Prompt: Could you copy every entry exactly, with nothing changed?
★ ★ ★ ★ ★
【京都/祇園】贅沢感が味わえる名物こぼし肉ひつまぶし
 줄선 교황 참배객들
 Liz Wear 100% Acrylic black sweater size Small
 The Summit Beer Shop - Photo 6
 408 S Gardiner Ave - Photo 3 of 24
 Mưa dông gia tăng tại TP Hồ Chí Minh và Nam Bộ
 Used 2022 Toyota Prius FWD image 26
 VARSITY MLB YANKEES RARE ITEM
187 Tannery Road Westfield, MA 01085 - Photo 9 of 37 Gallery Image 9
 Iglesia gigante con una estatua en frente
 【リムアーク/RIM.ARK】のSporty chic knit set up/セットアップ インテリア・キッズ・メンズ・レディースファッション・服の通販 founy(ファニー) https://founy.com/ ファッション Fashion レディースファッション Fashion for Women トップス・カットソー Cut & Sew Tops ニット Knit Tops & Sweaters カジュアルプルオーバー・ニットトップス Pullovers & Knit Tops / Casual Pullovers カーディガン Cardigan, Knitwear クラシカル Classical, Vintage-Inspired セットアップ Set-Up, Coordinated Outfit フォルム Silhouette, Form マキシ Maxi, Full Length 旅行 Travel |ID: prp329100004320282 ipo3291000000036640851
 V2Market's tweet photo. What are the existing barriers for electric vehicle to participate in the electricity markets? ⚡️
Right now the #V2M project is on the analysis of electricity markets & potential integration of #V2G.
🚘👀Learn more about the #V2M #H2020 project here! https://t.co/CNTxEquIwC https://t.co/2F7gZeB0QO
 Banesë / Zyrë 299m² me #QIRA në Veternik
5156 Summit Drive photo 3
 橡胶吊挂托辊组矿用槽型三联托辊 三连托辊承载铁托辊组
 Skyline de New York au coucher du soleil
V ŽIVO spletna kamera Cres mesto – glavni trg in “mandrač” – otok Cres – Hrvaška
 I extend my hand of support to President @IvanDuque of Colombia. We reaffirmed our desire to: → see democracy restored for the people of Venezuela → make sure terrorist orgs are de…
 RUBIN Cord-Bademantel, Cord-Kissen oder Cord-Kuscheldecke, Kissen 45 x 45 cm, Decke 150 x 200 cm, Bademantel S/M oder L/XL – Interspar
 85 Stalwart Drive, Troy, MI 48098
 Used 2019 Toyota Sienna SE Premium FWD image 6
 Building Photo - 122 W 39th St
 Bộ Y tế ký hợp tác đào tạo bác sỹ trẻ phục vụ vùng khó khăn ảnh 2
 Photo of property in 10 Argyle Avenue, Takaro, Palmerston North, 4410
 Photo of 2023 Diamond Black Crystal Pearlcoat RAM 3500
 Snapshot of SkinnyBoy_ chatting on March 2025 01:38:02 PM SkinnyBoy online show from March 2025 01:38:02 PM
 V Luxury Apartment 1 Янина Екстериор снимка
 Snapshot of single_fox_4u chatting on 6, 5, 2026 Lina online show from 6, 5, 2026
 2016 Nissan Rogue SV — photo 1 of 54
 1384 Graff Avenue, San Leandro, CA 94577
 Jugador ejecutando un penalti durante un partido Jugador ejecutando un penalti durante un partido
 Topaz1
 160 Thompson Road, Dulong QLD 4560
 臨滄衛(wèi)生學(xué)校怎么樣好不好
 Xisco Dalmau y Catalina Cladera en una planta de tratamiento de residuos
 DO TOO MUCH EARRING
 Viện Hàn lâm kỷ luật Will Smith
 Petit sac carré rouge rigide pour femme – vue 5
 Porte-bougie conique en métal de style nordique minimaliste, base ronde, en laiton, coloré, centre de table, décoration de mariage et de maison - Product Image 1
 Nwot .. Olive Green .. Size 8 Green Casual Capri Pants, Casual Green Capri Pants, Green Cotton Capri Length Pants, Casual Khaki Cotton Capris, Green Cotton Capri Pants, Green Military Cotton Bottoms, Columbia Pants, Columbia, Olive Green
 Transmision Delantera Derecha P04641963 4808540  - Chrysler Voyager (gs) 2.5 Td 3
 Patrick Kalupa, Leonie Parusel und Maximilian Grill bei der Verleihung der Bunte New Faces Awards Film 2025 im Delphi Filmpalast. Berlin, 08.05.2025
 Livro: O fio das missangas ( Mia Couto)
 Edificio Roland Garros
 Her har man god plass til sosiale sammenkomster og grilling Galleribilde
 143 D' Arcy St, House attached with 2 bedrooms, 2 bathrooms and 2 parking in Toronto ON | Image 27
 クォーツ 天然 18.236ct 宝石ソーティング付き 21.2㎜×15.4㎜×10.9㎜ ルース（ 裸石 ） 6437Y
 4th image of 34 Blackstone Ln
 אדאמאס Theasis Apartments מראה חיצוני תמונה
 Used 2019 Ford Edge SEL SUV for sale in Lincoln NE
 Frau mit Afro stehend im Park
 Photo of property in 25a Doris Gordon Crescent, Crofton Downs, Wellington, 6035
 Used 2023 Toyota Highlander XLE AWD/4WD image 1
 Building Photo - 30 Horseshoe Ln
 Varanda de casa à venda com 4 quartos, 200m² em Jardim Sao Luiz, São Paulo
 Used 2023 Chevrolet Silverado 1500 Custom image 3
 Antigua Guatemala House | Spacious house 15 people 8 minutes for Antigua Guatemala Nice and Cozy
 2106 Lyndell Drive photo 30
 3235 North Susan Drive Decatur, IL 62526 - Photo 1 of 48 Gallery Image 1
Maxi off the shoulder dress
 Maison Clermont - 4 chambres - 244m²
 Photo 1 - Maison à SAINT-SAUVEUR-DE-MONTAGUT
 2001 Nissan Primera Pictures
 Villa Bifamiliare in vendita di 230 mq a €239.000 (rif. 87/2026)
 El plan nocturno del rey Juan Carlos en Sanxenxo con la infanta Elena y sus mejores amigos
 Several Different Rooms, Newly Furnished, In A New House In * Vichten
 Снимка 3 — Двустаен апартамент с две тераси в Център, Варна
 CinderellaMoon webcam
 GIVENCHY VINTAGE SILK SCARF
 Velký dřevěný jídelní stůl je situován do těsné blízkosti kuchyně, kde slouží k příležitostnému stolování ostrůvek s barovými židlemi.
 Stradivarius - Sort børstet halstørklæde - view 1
★ ★ ★ ★ ★
Expected answer:
【京都/祇園】贅沢感が味わえる名物こぼし肉ひつまぶし
 줄선 교황 참배객들
 Liz Wear 100% Acrylic black sweater size Small
 The Summit Beer Shop - Photo 6
 408 S Gardiner Ave - Photo 3 of 24
 Mưa dông gia tăng tại TP Hồ Chí Minh và Nam Bộ
 Used 2022 Toyota Prius FWD image 26
 VARSITY MLB YANKEES RARE ITEM
187 Tannery Road Westfield, MA 01085 - Photo 9 of 37 Gallery Image 9
 Iglesia gigante con una estatua en frente
 【リムアーク/RIM.ARK】のSporty chic knit set up/セットアップ インテリア・キッズ・メンズ・レディースファッション・服の通販 founy(ファニー) https://founy.com/ ファッション Fashion レディースファッション Fashion for Women トップス・カットソー Cut & Sew Tops ニット Knit Tops & Sweaters カジュアルプルオーバー・ニットトップス Pullovers & Knit Tops / Casual Pullovers カーディガン Cardigan, Knitwear クラシカル Classical, Vintage-Inspired セットアップ Set-Up, Coordinated Outfit フォルム Silhouette, Form マキシ Maxi, Full Length 旅行 Travel |ID: prp329100004320282 ipo3291000000036640851
 V2Market's tweet photo. What are the existing barriers for electric vehicle to participate in the electricity markets? ⚡️
Right now the #V2M project is on the analysis of electricity markets & potential integration of #V2G.
🚘👀Learn more about the #V2M #H2020 project here! https://t.co/CNTxEquIwC https://t.co/2F7gZeB0QO
 Banesë / Zyrë 299m² me #QIRA në Veternik
5156 Summit Drive photo 3
 橡胶吊挂托辊组矿用槽型三联托辊 三连托辊承载铁托辊组
 Skyline de New York au coucher du soleil
V ŽIVO spletna kamera Cres mesto – glavni trg in “mandrač” – otok Cres – Hrvaška
 I extend my hand of support to President @IvanDuque of Colombia. We reaffirmed our desire to: → see democracy restored for the people of Venezuela → make sure terrorist orgs are de…
 RUBIN Cord-Bademantel, Cord-Kissen oder Cord-Kuscheldecke, Kissen 45 x 45 cm, Decke 150 x 200 cm, Bademantel S/M oder L/XL – Interspar
 85 Stalwart Drive, Troy, MI 48098
 Used 2019 Toyota Sienna SE Premium FWD image 6
 Building Photo - 122 W 39th St
 Bộ Y tế ký hợp tác đào tạo bác sỹ trẻ phục vụ vùng khó khăn ảnh 2
 Photo of property in 10 Argyle Avenue, Takaro, Palmerston North, 4410
 Photo of 2023 Diamond Black Crystal Pearlcoat RAM 3500
 Snapshot of SkinnyBoy_ chatting on March 2025 01:38:02 PM SkinnyBoy online show from March 2025 01:38:02 PM
 V Luxury Apartment 1 Янина Екстериор снимка
 Snapshot of single_fox_4u chatting on 6, 5, 2026 Lina online show from 6, 5, 2026
 2016 Nissan Rogue SV — photo 1 of 54
 1384 Graff Avenue, San Leandro, CA 94577
 Jugador ejecutando un penalti durante un partido Jugador ejecutando un penalti durante un partido
 Topaz1
 160 Thompson Road, Dulong QLD 4560
 臨滄衛(wèi)生學(xué)校怎么樣好不好
 Xisco Dalmau y Catalina Cladera en una planta de tratamiento de residuos
 DO TOO MUCH EARRING
 Viện Hàn lâm kỷ luật Will Smith
 Petit sac carré rouge rigide pour femme – vue 5
 Porte-bougie conique en métal de style nordique minimaliste, base ronde, en laiton, coloré, centre de table, décoration de mariage et de maison - Product Image 1
 Nwot .. Olive Green .. Size 8 Green Casual Capri Pants, Casual Green Capri Pants, Green Cotton Capri Length Pants, Casual Khaki Cotton Capris, Green Cotton Capri Pants, Green Military Cotton Bottoms, Columbia Pants, Columbia, Olive Green
 Transmision Delantera Derecha P04641963 4808540  - Chrysler Voyager (gs) 2.5 Td 3
 Patrick Kalupa, Leonie Parusel und Maximilian Grill bei der Verleihung der Bunte New Faces Awards Film 2025 im Delphi Filmpalast. Berlin, 08.05.2025
 Livro: O fio das missangas ( Mia Couto)
 Edificio Roland Garros
 Her har man god plass til sosiale sammenkomster og grilling Galleribilde
 143 D' Arcy St, House attached with 2 bedrooms, 2 bathrooms and 2 parking in Toronto ON | Image 27
 クォーツ 天然 18.236ct 宝石ソーティング付き 21.2㎜×15.4㎜×10.9㎜ ルース（ 裸石 ） 6437Y
 4th image of 34 Blackstone Ln
 אדאמאס Theasis Apartments מראה חיצוני תמונה
 Used 2019 Ford Edge SEL SUV for sale in Lincoln NE
 Frau mit Afro stehend im Park
 Photo of property in 25a Doris Gordon Crescent, Crofton Downs, Wellington, 6035
 Used 2023 Toyota Highlander XLE AWD/4WD image 1
 Building Photo - 30 Horseshoe Ln
 Varanda de casa à venda com 4 quartos, 200m² em Jardim Sao Luiz, São Paulo
 Used 2023 Chevrolet Silverado 1500 Custom image 3
 Antigua Guatemala House | Spacious house 15 people 8 minutes for Antigua Guatemala Nice and Cozy
 2106 Lyndell Drive photo 30
 3235 North Susan Drive Decatur, IL 62526 - Photo 1 of 48 Gallery Image 1
Maxi off the shoulder dress
 Maison Clermont - 4 chambres - 244m²
 Photo 1 - Maison à SAINT-SAUVEUR-DE-MONTAGUT
 2001 Nissan Primera Pictures
 Villa Bifamiliare in vendita di 230 mq a €239.000 (rif. 87/2026)
 El plan nocturno del rey Juan Carlos en Sanxenxo con la infanta Elena y sus mejores amigos
 Several Different Rooms, Newly Furnished, In A New House In * Vichten
 Снимка 3 — Двустаен апартамент с две тераси в Център, Варна
 CinderellaMoon webcam
 GIVENCHY VINTAGE SILK SCARF
 Velký dřevěný jídelní stůl je situován do těsné blízkosti kuchyně, kde slouží k příležitostnému stolování ostrůvek s barovými židlemi.
 Stradivarius - Sort børstet halstørklæde - view 1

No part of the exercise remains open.